The Telephone Patent Conspiracy of 1876.
Evenson infers that the confusion over this issue stems from the fact that whoever delivered Bell’s patent apparently insisted that it be immediately logged into the cash blotter and hand-delivered directly to the patent examiner in his office. We know this from correspondence between Bell’s lawyers and Ellis Spear, who was the acting commissioner of the Patent Office at the time. The unusual hand delivery within the office accounts for the fact that, even though the documents were technically filed on the same day, the patent examiner in the case—a man named Zenas Wilber—received Bell’s patent personally in his office on February 14 but did not receive Gray’s caveat until the following day. But the available facts indicate strongly that Gray’s claim arrived at the Patent Office several hours
before
Bell’s, despite the oft-repeated story to the contrary.

The most important thing to note about the entire issue is this:
normally, it would make no difference whose claim was filed first.
At the time, the U.S. patent system was legally bound to issue patents to those who were the first to
invent,
not the first to
file.
Accordingly, after reading Bell’s and Gray’s filings, patent examiner Wilber properly ruled that, because of the overlapping claims of the two filings, Bell’s application would be suspended for three months, allowing Gray time to formally file a full patent application, as the rules of the day stipulated. The Patent Office would wait until it had Gray’s patent in hand before formally deciding whether to declare interference between the claims. Following this standard procedure, Wilber mailed notice of the temporary suspension (and likely interference) to Bell, Gray, and each of their attorneys on February 19, 1876.

This is the point in the story, however, where the contention over the time of day became vital to the telephone’s future. Bell’s attorneys, Anthony Pollok and Marcellus Bailey, immediately responded to Wilber’s letter by arguing that if Bell’s
patent
had been filed before Gray’s
caveat
(which was not, after all, a full patent application), then no such suspension or declaration of interference should be allowed. It was a brash and highly questionable argument. As Pollok and Bailey no doubt knew, the Patent Office kept no official track of the time when applications arrived. In fact, just three weeks earlier, on February 3, in an almost identical case, Acting Patent Commissioner Ellis Spear had ruled against such an interpretation of U.S. patent law.

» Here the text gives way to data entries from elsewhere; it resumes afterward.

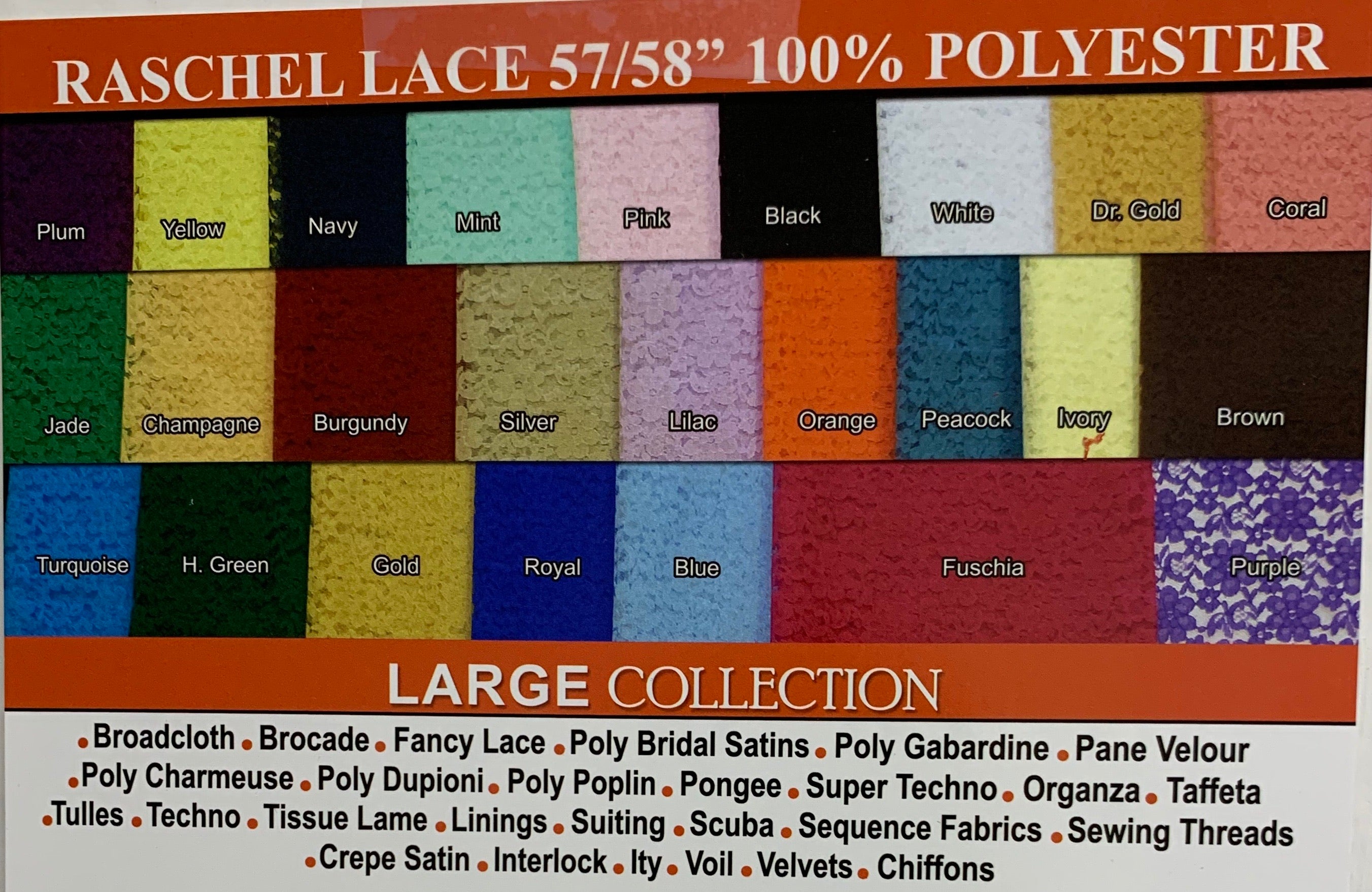 Lace fabric Raschel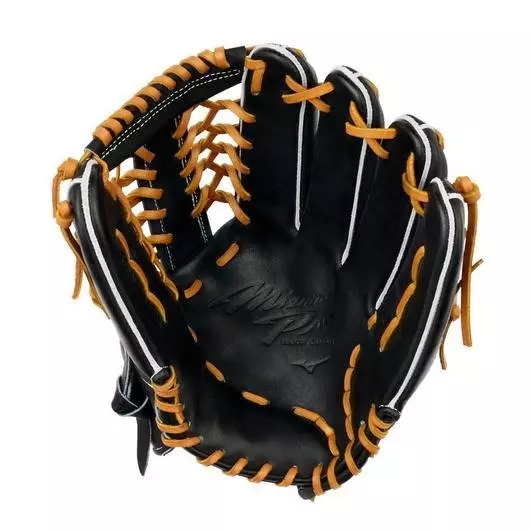 Mizuno GMP-7100D Pro 12.75" Premium Outfielder Baseball Glove RHT - BLACK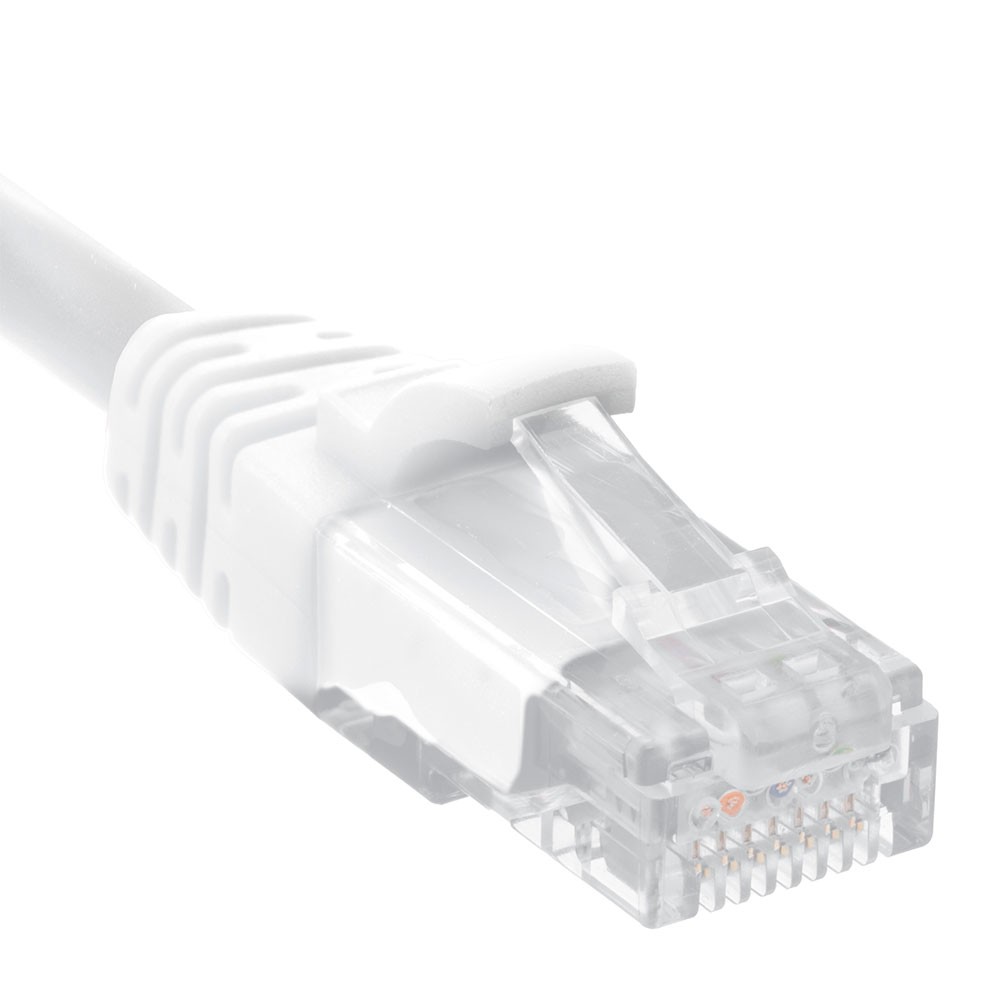 Ethernet Patch Cable CAT6A, UTP, 24AWG, 10 Ft, 10 pack, White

In that prior incident, known as the
Essex
case, Spear upheld the suspension of a patent application when an overlapping caveat was filed for a similar invention the same day. Like Wilber, the patent examiner in the
Essex
case—which dealt with an improved spinning machine invented by Jeremiah Essex—had made the standard office decision to call for a suspension in anticipation of formal interference hearings. As Spear wrote in that case:

There is nothing in the records of the Office to show which, if either, was, in point of fact, filed first.

 

Therefore, Spear ruled that

I cannot take into consideration any representation of special hardship in this case, because it would be manifestly improper to consider any ex parte statement whatever…. I do not see why the law should not be strictly applied and the caveator notified and direct that it be done.

 

Despite this clear and recent precedent, Pollok and Bailey made precisely the same plea in their own
ex parte,
or one-sided, case. In a letter to Spear received at the Patent Office on February 24, 1876, Pollok and Bailey wrote:

We respectfully request, before it is concluded to suspend our application for 3 months, that you determine whether or not our application was not filed prior to the caveat in question.

 

Setting aside all other circumstances, the letter from Bell’s attorneys seems suspicious to begin with. Pollok and Bailey would have been unlikely to go to the trouble of making this plea to Spear unless they felt confident that Bell’s patent had, in fact, arrived first. Technically speaking, they should have had no way of knowing such a thing. And yet, as we know from the proceedings that followed, whoever delivered Bell’s patent application had specifically bypassed normal procedure, insisting that it be hand-delivered to Zenas Wilber immediately. Could this have been part of a hastily made plan that could explain Hubbard’s rush to file that day? It certainly seemed plausible.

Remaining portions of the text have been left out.